Emda is praised for backing business in recession
The East Midlands Development Agency (Emda) - which is being scrapped - has been praised for helping businesses during the recession.
The National Audit Office said Emda had performed strongly in making more than £10m available to firms who could not get loans elsewhere.
The agency claimed it had helped nearly 60 businesses survive the downturn.
The Regional Development Agencies are to be replaced in 2012 by more locally based enterprise bodies.
The Audit Office was commissioned by the previous government to look at how Emda was performing in three areas - delivering projects in the recession, implementing in-house improvement plans and monitoring value for money.
Inspectors said it had performed strongly in all areas.
It particularly praised its early reaction to the credit crunch, including financial support for businesses through the £3m Enterprise Loans East Midlands fund, the £1m Business Transformation Grant programme and the £6m Transition Loan Fund.

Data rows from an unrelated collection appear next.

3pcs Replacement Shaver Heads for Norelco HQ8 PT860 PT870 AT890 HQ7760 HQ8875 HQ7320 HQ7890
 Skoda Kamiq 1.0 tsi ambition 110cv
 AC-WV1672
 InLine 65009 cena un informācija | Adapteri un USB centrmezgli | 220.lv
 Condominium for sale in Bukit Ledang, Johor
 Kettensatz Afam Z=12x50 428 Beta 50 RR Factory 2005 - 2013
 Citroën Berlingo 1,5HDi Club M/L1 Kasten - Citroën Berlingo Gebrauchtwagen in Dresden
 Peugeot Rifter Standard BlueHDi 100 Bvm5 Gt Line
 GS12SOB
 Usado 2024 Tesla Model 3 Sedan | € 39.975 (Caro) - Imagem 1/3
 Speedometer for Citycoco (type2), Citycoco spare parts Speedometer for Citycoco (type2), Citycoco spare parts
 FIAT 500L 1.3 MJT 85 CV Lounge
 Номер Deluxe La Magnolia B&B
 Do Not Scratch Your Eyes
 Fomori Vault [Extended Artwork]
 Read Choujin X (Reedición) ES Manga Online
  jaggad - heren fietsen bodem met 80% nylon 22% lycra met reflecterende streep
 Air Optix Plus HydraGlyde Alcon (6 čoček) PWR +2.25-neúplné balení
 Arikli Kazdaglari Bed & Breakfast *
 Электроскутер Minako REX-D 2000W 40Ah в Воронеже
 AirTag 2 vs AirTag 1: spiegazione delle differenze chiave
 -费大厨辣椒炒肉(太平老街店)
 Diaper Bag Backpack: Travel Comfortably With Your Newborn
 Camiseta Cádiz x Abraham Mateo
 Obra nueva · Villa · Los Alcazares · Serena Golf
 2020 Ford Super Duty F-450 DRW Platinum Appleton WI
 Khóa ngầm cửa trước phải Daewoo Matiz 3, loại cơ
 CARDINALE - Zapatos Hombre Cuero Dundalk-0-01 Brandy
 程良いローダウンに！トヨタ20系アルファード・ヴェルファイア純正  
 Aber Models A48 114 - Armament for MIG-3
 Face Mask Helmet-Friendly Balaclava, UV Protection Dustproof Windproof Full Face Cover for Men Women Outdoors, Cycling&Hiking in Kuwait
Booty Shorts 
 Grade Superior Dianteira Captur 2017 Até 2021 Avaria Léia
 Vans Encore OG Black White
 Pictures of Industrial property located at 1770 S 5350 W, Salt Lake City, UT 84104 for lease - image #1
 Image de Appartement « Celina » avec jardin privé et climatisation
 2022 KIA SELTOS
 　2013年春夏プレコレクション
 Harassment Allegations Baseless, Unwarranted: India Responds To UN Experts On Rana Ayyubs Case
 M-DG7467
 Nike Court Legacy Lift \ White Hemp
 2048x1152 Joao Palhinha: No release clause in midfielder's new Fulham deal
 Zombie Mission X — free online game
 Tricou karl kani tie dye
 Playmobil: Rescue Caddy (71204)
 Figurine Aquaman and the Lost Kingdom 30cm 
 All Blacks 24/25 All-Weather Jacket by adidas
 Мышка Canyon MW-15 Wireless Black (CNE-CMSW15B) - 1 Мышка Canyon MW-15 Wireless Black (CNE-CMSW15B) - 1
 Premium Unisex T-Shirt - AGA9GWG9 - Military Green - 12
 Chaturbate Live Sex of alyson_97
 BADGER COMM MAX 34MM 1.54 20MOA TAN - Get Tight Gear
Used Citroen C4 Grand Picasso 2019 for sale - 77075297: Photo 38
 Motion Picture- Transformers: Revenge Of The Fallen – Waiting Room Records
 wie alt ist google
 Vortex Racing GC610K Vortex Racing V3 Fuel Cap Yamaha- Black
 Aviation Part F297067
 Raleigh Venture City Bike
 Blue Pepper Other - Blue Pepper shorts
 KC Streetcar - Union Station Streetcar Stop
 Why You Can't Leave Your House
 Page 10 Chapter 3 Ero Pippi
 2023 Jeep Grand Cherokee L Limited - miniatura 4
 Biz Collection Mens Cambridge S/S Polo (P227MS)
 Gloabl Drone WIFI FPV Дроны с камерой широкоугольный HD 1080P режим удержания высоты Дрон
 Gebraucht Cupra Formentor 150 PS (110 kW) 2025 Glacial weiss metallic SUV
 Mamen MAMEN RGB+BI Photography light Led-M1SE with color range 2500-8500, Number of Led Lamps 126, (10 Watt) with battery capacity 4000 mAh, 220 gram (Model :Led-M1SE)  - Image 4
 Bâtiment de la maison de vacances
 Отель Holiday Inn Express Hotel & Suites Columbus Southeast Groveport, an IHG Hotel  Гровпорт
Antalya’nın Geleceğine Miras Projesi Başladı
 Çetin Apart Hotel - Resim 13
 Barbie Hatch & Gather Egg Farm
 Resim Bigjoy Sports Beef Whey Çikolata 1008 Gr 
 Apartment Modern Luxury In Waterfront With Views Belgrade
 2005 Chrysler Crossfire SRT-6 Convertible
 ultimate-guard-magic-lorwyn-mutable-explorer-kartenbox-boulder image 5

Emda estimated the Transition Loan Fund alone, which was available to small and medium sized businesses, had created or safeguarded more than 1,000 jobs.
One of the firms helped was Nottingham-based Doff Portland, which makes insecticides.
Lorna Page, from the company, said: "It was very important for us, at a time when banks are making it more difficult for businesses to move around and get the funding they need.
"The Transition Loan Fund was very important for us to make that move and build a future here for the business."
Emda's chief executive, Jeff Moore, said he was pleased the report, known as Independent Supplementary Review, had recognised their work.
"We are delighted that Emda has received the highest possible score of 'strong' for all three criteria assessed in the ISR, demonstrating the important role we have played in supporting the East Midlands' economy, particularly through the recent economic downturn."
The Regional Development Agencies are to be replaced by Local Enterprise Partnerships.